Climate vulnerability assessments are often operationalized by the analysis of indicators defined by the spatial boundaries of the community under study. These, however, sometimes fail to capture interdependency among communities for basic resources. This paper aims to propose a framework for characterizing vulnerability caused by interdependency by adapting a supply chain lens.
The paper proposes a definition for “indirect vulnerability” that recognizes the transboundary and teleconnected nature of vulnerability arising from resource networks among cities and communities. A conceptual framework using a supply chain approach is presented for climate hazards in particular. This approach is then demonstrated through a rapid appraisal of the rice, energy and water supply chains and the waste management chains of Metro Manila.
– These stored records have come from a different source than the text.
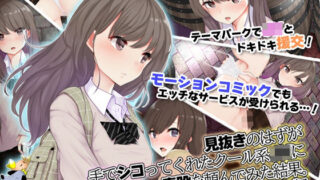 d 238100pl 320x180 - 見抜きのはずが手でシコってくれたクール系●●に素股を頼んでみた結果。 モーションコミック版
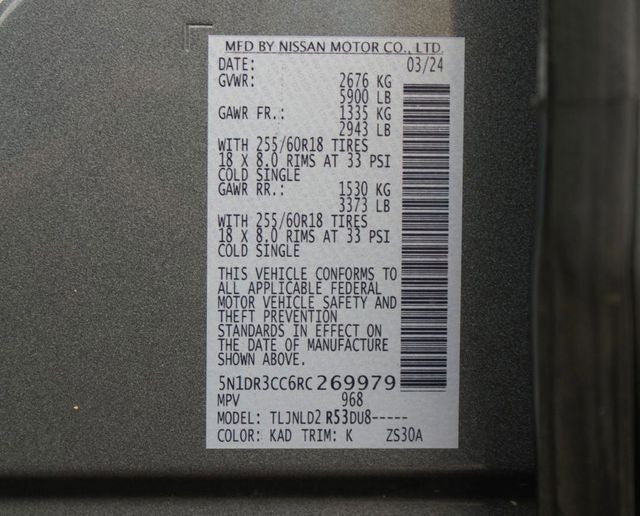 2024 Nissan Pathfinder SL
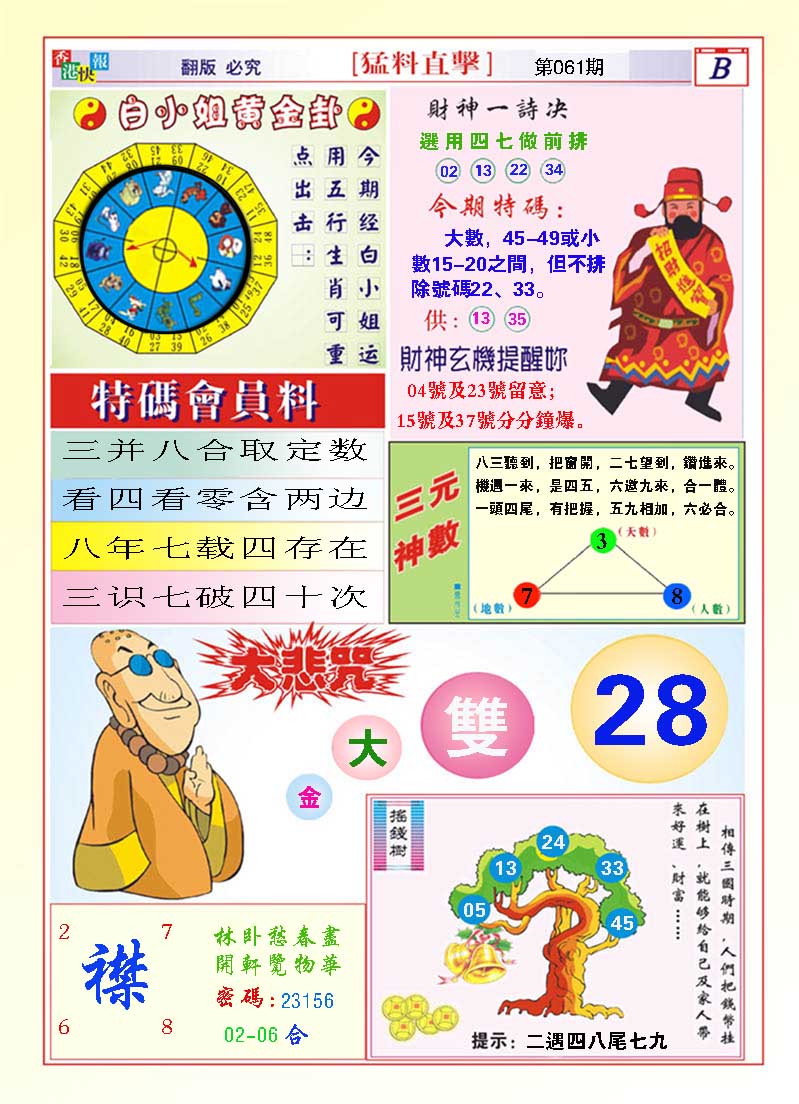 061期猛料直击B[图]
The application of the supply chain lens to assessing the indirect vulnerability of Metro Manila brings to fore issues extending beyond the decision-making boundaries of local government units. Addressing these will require vertical government coordination and horizontal inter-sectoral collaboration. Thus, this supply chain-based indirect vulnerability assessment can be complementary to traditional vulnerability assessments in providing a larger systems perspective.
Innovative tools are needed to make community vulnerability assessments both holistic and tractable. Existing methods in the private sector can be adapted rather than reinventing the wheel. This supply chain framework can be a useful decision support and planning tool across governance levels to comprehensively address vulnerability.
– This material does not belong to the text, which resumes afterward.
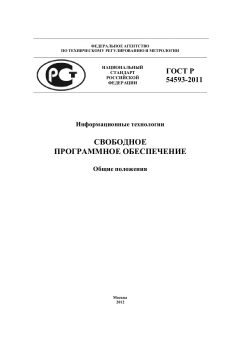 ГОСТ Р 54593-2011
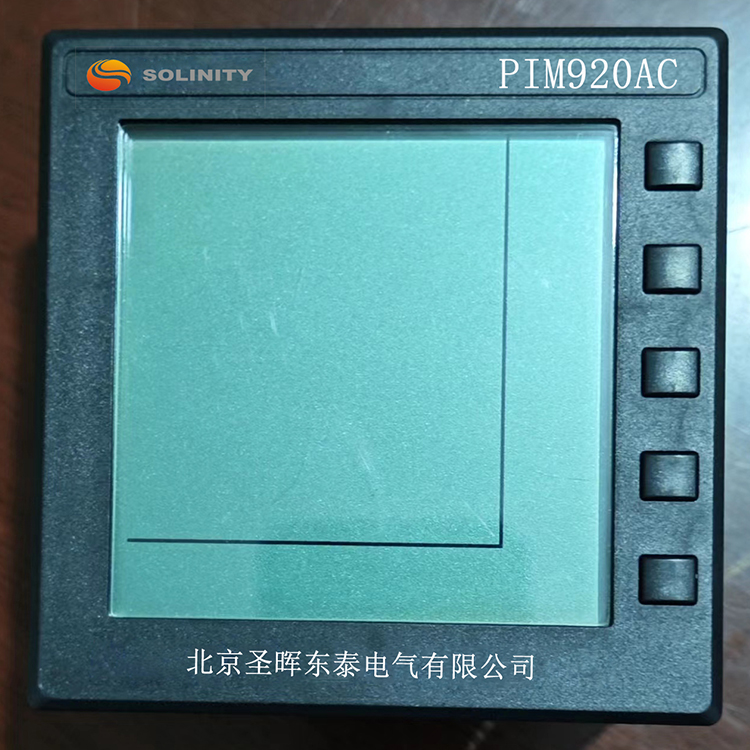 多功能电力仪表PIM920AC系列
This paper was supported by a grant from the Ateneo de Manila University (ADMU) University Research Council (URC) for the project #URC-14-01 “An Application of Supply Chain Analyses to Assess Indirect Vulnerability to Climate Change: A Pilot Study of Metro Manila”. The authors thank the following research and student assistants: Marie Joy Ann Chua, Kevin Bartolome, Carmela Magayanes and Philip Joshua Bernadas. For the energy sector, specifically, the authors would like to acknowledge Pamela Joyce Baluyot, Andy Dela Cruz, Jr, Maria Nastasha Dugan, Matthew Henri Falcotelo, Gabrielle Go, Allan Javison Guzman, Richard Patrick Sun, Jr and Robert Christian Tiong. The authors thank the anonymous reviewers for their helpful comments. They also thank Dr Rosa Perez for the learning and exposure to vulnerability assessments.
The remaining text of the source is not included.